In embodiments, the method and system can include incorporation of non-adherent and/or moisture controlling substances to a baseplate. To prevent peristomal skin breakdown, specialized wound care products can be applied to the printed baseplate. For example, using either additive printing methods or photolithography techniques, the baseplate can be altered to have channels that wick moisture to the periphery. The surface can also be optimized to have moisture absorptive properties to prevent excess moisture on the skin. The surface can also be coated with non-adhesive materials to limit skin breakdown when removing the baseplate from the skin surface. Further, antimicrobial compounds, such as silver, can be conjugated to the baseplate surface.

EXAMPLE

FIG. 11 shows an example of using computer-implemented software to practice aspects of the invention described herein. In aspects, a patient or medical provider can manually or automatically acquire a 3D scan of a patient's stoma and/or surrounding area using a handheld 3D scanner or phone application that acquires and processes a series of images. (In aspects, at least one image or combination of images, such as a 3D scan, are used to create a 3D mesh or model.) A mesh manipulation software such as Blender™ or Meshmixer™ can be used to modify the 3D scan for additive or subtractive manufacturing. Optionally, the process can use the rotate and move functionalities to position the stoma and/or surrounding area at the center of the domain. In aspects, unwanted portions of the mesh can be cut off or otherwise removed/excised; for example, the process can use a “knife” tool and hover over a bisect or related tool to select it. Optionally, the number of mesh elements can be reduced or increased.

As shown in FIG. 12, a user can go from object mode to edit mode and select the mesh. The user can use a knife tool and hover over a bisect tool to select it, then, in aspects, click and drag to cut the mesh, as well as use an angle constraint, expand the bisect tool, select clear inner and/or clear outer regions to remove any unwanted part(s), then repeat the steps to cut out a box around the stoma.

As shown in FIG. 13, a user can reduce a number of mesh elements by, in aspects, using a wrench tool and selecting a decimate modifier, and a ratio can be reduced.

As shown in FIGS. 14-16, a user can extrude the mesh to create a base by, in aspects, selecting the mesh, selecting a boundary loop, shading the wireframe, and deselecting any interior boundaries that should not be included in a perimeter loop. A user can enable the 3D printing function and repair any non-manifold mesh. In aspects, a user can add a cylinder to merge with the stoma, and thereby move and scale the cylinder so that, for example, it completely encompasses the stoma. A user can select the stoma and/or cylinder, and delete parts of the mesh that are free floating or seem to be errors in the 3D scan. If there are holes, the mesh can be repaired. In aspects, a user can perform another bisect to make a bottom of the stoma flat and readjust a position and/or size of the cylinder so that the base does not have excess height and/or other problems. Once this is performed a model can be printed using 3D printing and/or additive manufacturing. Any or all aspects can be performed automatically using the computer-implemented method(s) described herein.

In aspects described herein, such as using subtractive manufacturing, by way of example, a user can create an offset plane through where a template or baseplate could be cut using laser subtraction and/or another cutting method, such as using a blade. Alternatively, a user can, for example, create a plane through two, three, or more points by selecting all or a portion around a base.

For example, as shown in FIGS. 17-19, a stoma mesh or model can be rotated (see, e.g., FIG. 17). As shown in FIGS. 18-19, the model/mesh stoma can be chosen and rotated and aspects of the virtual model can be removed or otherwise manipulated.

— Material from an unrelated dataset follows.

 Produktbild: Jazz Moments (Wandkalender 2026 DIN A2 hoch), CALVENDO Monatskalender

As shown in FIG. 20, by way of example, a spline tool can be used to trace an outline of a stoma and an outline can be increased or otherwise grown. This can dictate a file to be read by, for example, a laser cutter, which can be used to laser cut an existing device (e.g., baseplate) for a custom fit on or over a patient's stoma. Alternatively, the contour could be used as a basis for creating a blade holder or press to cut an existing device.

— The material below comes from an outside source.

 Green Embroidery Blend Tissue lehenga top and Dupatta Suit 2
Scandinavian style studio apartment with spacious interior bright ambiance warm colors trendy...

FIGS. 1 through 20 are conceptual illustrations allowing for an explanation of the present invention. Notably, the figures and examples above are not meant to limit the scope of the present invention to a single embodiment, as other embodiments are possible by way of interchange of some or all of the described or illustrated elements. Moreover, where certain elements of the present invention can be partially or fully implemented using known components, only those portions of such known components that are necessary for an understanding of the present invention are described, and detailed descriptions of other portions of such known components are omitted so as not to obscure the invention. In the present specification, an embodiment showing a singular component should not necessarily be limited to other embodiments including a plurality of the same component, and vice-versa, unless explicitly stated otherwise herein. Further, the present invention encompasses present and future known equivalents to the known components referred to herein by way of illustration.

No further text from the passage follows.